Much of the literature on intra-national migration has focused on rural-to-urban migration within one’s own country. A growing literature has studied this in China, informed by the country’s rapid urbanization since the turn of the century. Rural-to-urban migrants in China generally have more communicable diseases as well as worse maternal and infant health. The migrant population in China tends to be younger, male, and single, which may confound relationships between migration and health; further complicating the issue is that migrants are often excluded from urban health services and insurance. One study in Beijing found that perceived social inequity and experience of discrimination were associated with mental health problems among rural migrants.

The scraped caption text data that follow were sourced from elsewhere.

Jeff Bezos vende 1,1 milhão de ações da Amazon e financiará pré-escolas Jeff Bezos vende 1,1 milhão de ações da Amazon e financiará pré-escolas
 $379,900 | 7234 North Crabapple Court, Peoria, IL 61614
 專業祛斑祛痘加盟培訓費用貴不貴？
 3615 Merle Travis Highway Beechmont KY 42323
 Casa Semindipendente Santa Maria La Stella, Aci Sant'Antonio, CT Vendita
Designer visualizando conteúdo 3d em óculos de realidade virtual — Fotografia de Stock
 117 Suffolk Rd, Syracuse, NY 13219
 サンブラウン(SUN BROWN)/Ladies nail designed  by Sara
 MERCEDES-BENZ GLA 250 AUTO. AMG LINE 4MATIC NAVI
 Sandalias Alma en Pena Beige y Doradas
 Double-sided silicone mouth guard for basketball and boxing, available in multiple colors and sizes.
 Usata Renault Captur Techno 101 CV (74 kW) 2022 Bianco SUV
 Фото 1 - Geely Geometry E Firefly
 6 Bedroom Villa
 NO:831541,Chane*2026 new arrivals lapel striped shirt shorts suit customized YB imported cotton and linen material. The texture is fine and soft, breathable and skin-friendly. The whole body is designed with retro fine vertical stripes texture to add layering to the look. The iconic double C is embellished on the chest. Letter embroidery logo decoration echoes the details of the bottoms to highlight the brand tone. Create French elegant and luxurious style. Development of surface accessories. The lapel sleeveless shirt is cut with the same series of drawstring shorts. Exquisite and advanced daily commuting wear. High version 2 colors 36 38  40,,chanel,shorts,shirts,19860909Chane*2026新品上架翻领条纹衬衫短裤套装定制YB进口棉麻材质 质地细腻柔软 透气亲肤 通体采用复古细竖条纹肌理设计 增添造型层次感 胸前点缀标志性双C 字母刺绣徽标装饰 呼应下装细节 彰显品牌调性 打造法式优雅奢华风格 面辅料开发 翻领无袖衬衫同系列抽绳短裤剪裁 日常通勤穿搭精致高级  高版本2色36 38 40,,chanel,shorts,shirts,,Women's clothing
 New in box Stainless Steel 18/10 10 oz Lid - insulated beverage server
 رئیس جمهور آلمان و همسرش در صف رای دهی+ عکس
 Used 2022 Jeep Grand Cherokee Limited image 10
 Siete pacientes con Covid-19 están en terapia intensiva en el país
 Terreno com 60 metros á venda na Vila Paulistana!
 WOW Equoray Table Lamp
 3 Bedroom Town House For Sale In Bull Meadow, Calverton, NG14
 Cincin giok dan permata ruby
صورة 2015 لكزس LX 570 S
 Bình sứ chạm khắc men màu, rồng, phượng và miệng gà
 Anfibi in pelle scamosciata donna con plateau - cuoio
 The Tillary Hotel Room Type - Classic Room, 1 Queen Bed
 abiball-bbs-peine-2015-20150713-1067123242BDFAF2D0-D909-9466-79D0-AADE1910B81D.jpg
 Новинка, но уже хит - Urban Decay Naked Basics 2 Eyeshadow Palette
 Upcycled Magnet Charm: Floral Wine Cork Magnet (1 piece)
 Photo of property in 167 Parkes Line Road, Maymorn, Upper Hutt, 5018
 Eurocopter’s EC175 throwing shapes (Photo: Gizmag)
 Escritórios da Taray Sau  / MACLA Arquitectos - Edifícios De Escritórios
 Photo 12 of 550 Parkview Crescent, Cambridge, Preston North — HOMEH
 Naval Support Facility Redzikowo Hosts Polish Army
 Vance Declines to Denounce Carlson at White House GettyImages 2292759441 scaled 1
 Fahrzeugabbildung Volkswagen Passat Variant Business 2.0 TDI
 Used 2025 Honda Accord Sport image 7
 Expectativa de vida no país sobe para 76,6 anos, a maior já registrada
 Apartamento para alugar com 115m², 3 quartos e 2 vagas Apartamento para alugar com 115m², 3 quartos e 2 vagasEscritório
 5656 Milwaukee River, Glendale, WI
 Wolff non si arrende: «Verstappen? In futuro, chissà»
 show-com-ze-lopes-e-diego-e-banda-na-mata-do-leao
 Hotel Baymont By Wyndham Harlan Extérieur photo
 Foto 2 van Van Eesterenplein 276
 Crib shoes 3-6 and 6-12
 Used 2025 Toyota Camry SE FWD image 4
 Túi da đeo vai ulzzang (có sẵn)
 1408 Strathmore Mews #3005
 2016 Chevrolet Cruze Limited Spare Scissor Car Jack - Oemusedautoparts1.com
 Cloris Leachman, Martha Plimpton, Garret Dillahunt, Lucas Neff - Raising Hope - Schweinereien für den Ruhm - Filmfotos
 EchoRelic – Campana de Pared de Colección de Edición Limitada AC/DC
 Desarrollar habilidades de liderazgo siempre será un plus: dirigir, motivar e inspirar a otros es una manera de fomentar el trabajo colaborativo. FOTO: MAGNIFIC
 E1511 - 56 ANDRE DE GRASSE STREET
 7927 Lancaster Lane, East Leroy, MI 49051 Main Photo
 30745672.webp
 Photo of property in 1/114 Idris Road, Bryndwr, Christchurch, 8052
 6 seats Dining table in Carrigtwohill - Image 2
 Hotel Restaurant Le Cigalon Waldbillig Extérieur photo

Some populations migrate more than once in a lifetime or temporarily migrate, including relocating for occupational purposes, but remain linked to a rural household. Several authors have compared migrants to rural residents who do not leave instead of to urban-born residents. Eric Nauman and colleagues used a longitudinal approach to follow migrants from rural western Thailand to urban destinations such as Bangkok and then assessed the migrants, return migrants, and rural counterparts who remained in origin villages. Their findings supported the “healthy migrant” hypothesis: Migrants were physically healthier than non-migrants both before and after moving. Migrants who stayed in urban destinations showed an improvement in mental health status, and return migrants fared worse on both physical and mental health indicators. The World Health Organization Study on Global AGEing and Adult Health (SAGE) compared behavioral risk factors for non-communicable diseases across rural, urban, and migrant populations in several different countries, finding that, with some exceptions based on destination, alcohol consumption and occupational physical activity were lower in migrant and urban groups.
The particularities of the migrant experience over the lifecourse, the life stage at migration, and the particular macrocontext, urban or not, all contribute to the health of migrant populations, suggesting the utility of these framing perspectives to help organize our thinking and research questions, aimed at understanding how migration processes shape health.